Big Ten men's basketball appears to be back after a down year in 2017-18.

Based on early projections, arguably college basketball's best conference through November could double the amount of teams it got into the NCAA tournament last March, which was only four, its fewest since 2008.

Seven Big Ten teams were ranked as of Sunday, the most since 1999. And 10 teams received Associated Press Top 25 votes, including the Gophers.

We see from those early results this year that the Big Ten is a top conference again. We're still not so sure yet where Minnesota (6-1) fits into that mix, but Sunday's Big Ten opener at No. 16 Ohio State (6-1) should be revealing.

"Minnesota's been volatile," Fox Sports analyst Jim Jackson said on a recent podcast. "They start off well in a lot of instances … and as the season teeters on they tend to lose momentum.
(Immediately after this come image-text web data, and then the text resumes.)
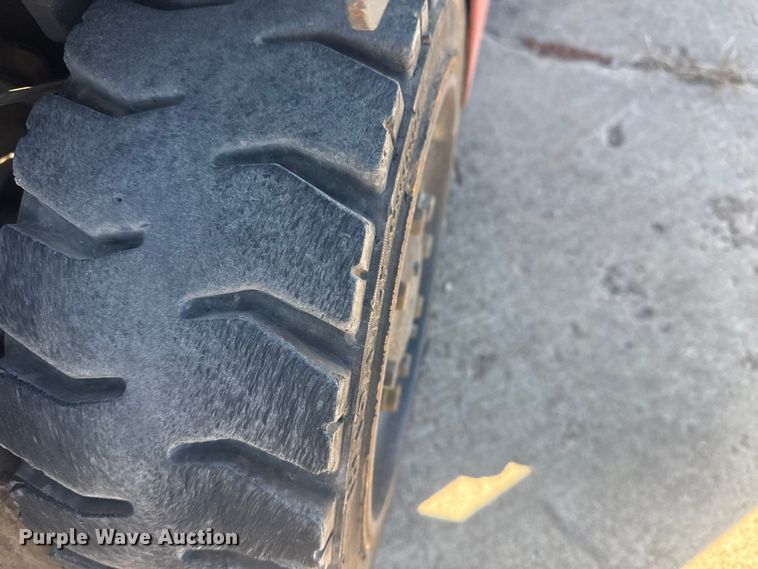 image for item DQ4123 1999 Toyota 42-6FGCU15 forklift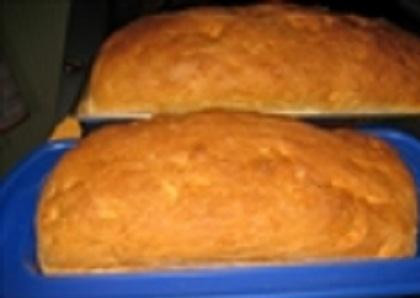 1. Этап. Быстрый домашний хлеб: 4. Поставить формы в духовку. Выпекать хлеб, пока не покроется румяной корочкой при температуре 180 градусов. Рецепт выпечки хлеба очень простой. Готовится хлеб быстро и получается очень вкусный с хрустящей корочкой и мягкий внутри.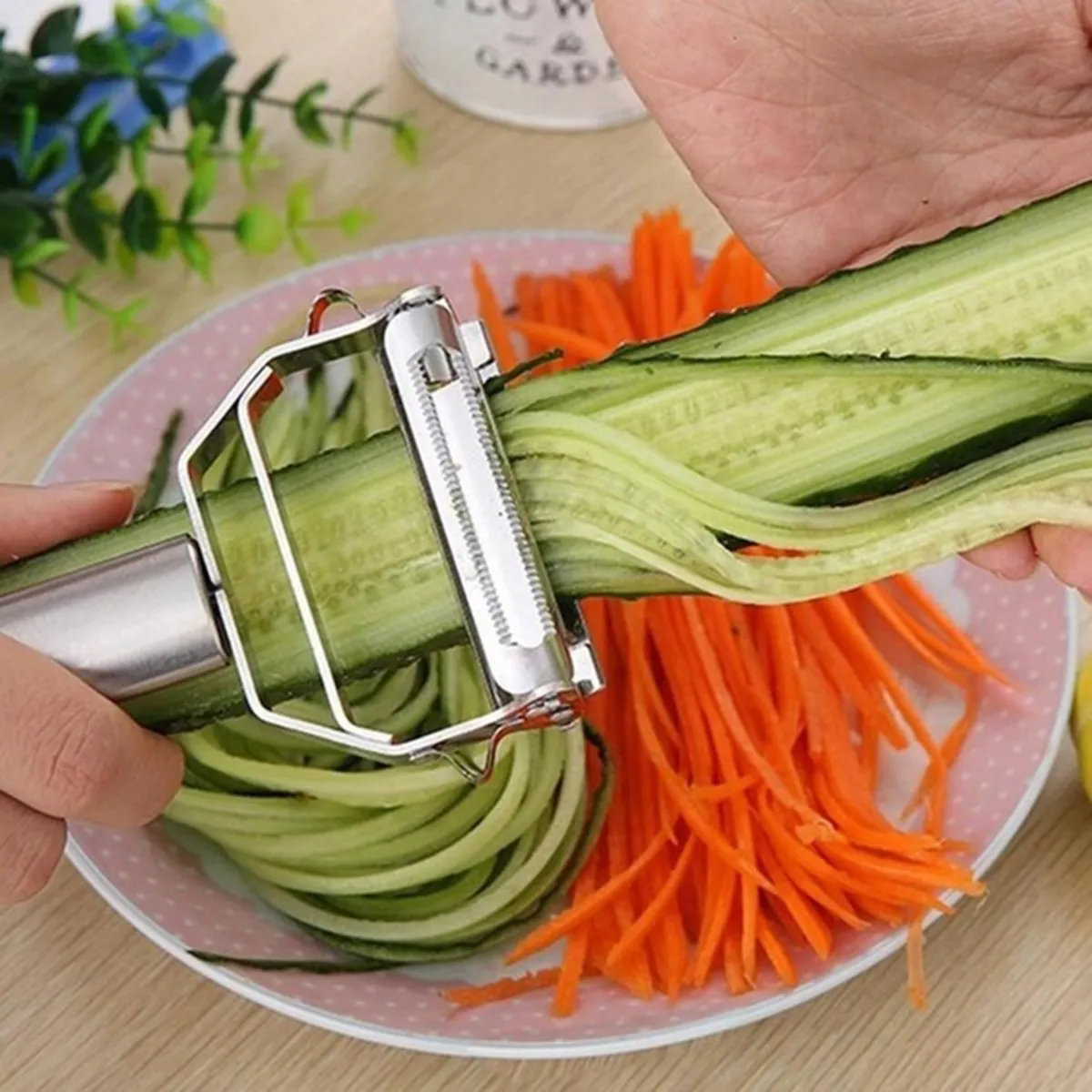 alta calidad de acero inoxidable pepino patata multifuncional máquina de cortar de zanahoria frutas pelador de verduras Blanco big image 1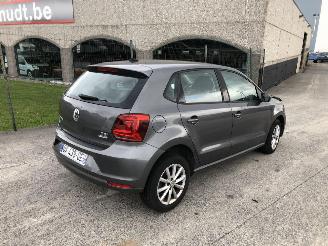 Coche accidentado Volkswagen Polo 1.2 DSG 2015/11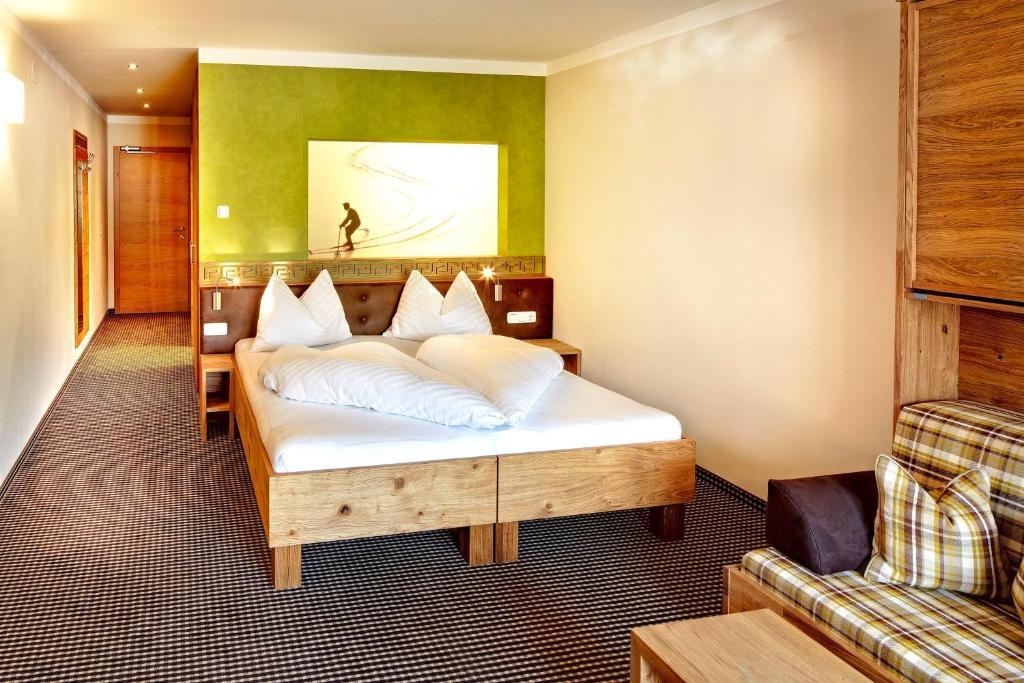 Superior Double Room Balcony Air Conditioning,66508453:JPEG
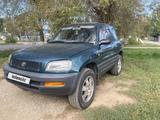 Toyota RAV4 1995 годаүшін3 300 000 тг. в Актобе – фото 2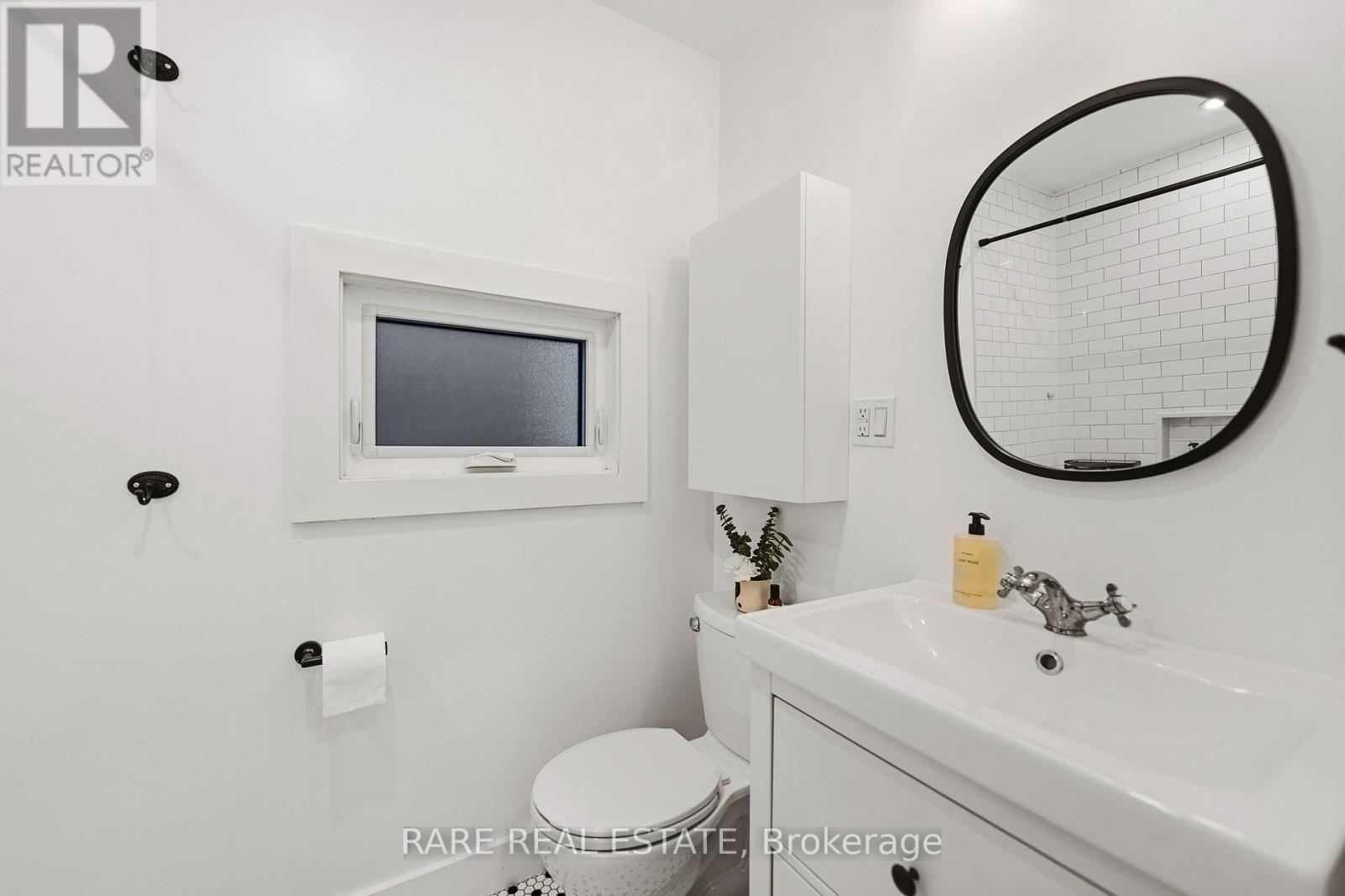 223 1/2 Borden Street, Toronto, Ontario  M5S 2N5 - Photo 12 - C12811030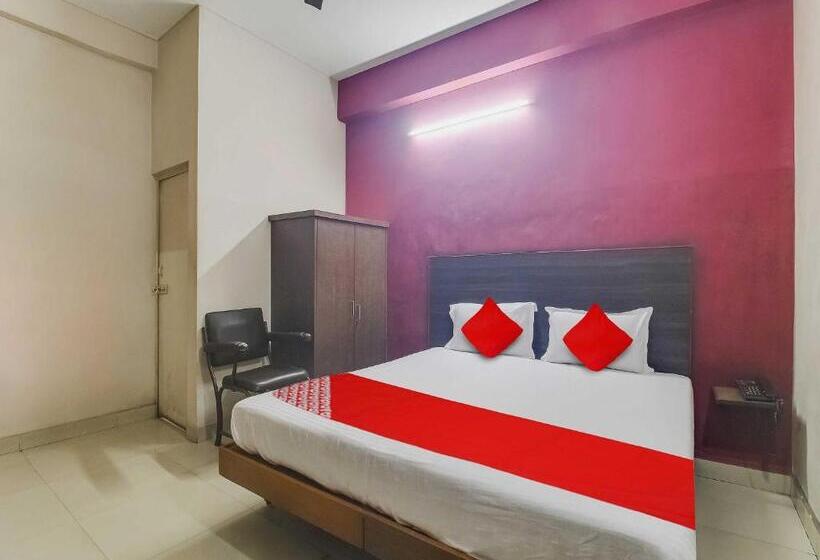 هتل O Bharat Lodge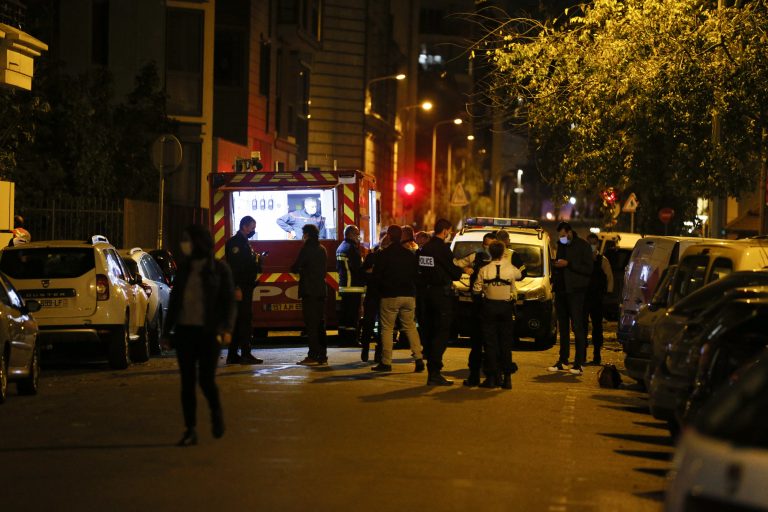 Polizisten und Rettungskräfte sind am Tatort in Lyon Foto: picture alliance / abaca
Hopefully, that's not the case [this year]."

The talent is there for Richard Pitino to see a turnaround in his sixth season, especially with Big Ten Player of the Year contender Jordan Murphy, who was joined by Amir Coffey and Dupree McBrayer as starters on the Gophers' 2017 NCAA tournament team.

The supporting cast for that veteran core includes talented freshmen Gabe Kalscheur and Daniel Oturu, senior transfers Matz Stockman and Brock Stull and a wild-card sophomore in Isaiah Washington, who was having a rough start to the season but came up big in Friday night's 83-76 victory over Oklahoma State at U.S. Bank Stadium.

"We've beaten a Big 12 team [Oklahoma State], two Pac-12 teams [Washington and Utah] and an SEC team [Texas A&M] and I don't believe it's December yet," Pitino said Friday night. "We've challenged these guys, and they've responded really well."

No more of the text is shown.